I’d say it depends on the individual denomination. The non-denominational “megachurch” Christians, the kind you’d think of when talking about Rick Warren and Focus on the Family, tend to be more well off in my experience. In fact, smugness and ignorance of the suffering of less fortunate people is something that I’ve found bothersome about Christianity in the past.
Megachurches tend to be RUN by the well off… but their targets *ahem* sorry parishioners tend to be not well off but wishing to be so (think a pyramid scheme). This fits with Gordon’s idea…
Mythic Sushi – the research deals with countries and societies rather than individuals. It is a charactersitic of soceites with low levels of social security that they have poor people as well as rich people – and the idoelogies justifying their postions.
onefuriousllama – Phil Zuckerman’s bpp Society without God: What the Least Religious Nations Can Tell Us About Contentment came out last year.
Have a search for articles on the interent. For example his oped with Gregory Paul Why Do Americans Still Dislike Atheists?.
Paul himself has published some itneresting research – eg:
Cross-National Correlations of Quantifiable Societal Health with Popular Religiosity and Secularism in the Prosperous Democracies
And somewhere there is a video of his presentation at the Stockholm Conference where he updates that work.
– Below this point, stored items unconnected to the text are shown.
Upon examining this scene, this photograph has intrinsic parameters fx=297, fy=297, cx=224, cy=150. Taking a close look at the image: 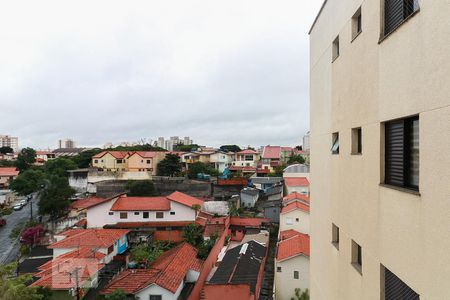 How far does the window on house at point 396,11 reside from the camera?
9.70ft

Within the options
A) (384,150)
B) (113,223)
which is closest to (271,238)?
(113,223)

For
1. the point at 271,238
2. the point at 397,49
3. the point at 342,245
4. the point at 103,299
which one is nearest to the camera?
the point at 397,49

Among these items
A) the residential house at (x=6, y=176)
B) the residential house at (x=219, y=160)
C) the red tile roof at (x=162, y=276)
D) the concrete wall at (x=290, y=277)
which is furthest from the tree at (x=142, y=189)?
the residential house at (x=6, y=176)

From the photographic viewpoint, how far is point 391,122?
333 cm

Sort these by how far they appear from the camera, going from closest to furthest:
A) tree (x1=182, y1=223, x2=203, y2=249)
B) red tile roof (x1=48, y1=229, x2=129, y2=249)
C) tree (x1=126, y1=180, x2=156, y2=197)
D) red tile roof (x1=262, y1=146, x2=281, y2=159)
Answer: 1. red tile roof (x1=48, y1=229, x2=129, y2=249)
2. tree (x1=182, y1=223, x2=203, y2=249)
3. tree (x1=126, y1=180, x2=156, y2=197)
4. red tile roof (x1=262, y1=146, x2=281, y2=159)

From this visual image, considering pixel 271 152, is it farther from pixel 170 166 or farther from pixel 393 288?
pixel 393 288

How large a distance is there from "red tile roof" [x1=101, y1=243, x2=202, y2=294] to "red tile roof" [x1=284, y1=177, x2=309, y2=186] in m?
19.6

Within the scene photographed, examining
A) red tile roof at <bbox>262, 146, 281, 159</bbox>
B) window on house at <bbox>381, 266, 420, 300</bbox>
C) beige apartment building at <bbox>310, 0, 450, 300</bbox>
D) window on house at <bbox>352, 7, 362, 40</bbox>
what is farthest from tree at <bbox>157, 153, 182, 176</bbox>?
window on house at <bbox>381, 266, 420, 300</bbox>

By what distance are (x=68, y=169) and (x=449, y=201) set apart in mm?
48165

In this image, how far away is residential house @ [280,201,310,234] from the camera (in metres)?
21.0

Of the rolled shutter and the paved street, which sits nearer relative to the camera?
the rolled shutter

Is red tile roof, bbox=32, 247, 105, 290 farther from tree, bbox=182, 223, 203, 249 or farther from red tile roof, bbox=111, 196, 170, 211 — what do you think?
red tile roof, bbox=111, 196, 170, 211

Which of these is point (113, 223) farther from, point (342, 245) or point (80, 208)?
point (342, 245)

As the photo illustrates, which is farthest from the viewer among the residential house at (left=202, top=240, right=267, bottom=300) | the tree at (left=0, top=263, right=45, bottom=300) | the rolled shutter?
the residential house at (left=202, top=240, right=267, bottom=300) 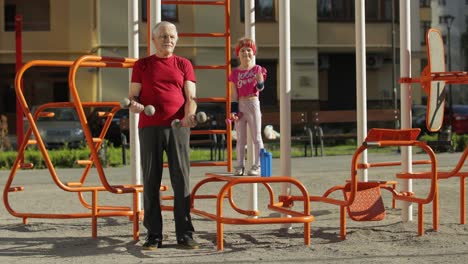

His website is Science and Religion.
@Ken cheers for that, I’ll add those to my ever increasing list of books to read. I might not get through them all before I retire and perhaps not even after. I am 30 years away from retiring.
Mythic Sushi – Anxiety about the future in the US is not confined or even most prevalent amongst the poor. The large middle class, one of the US’ greatest achievements, sees what happens to their fellows when they lose their jobs. In the US the balance between employer and employee gives little protection to employees.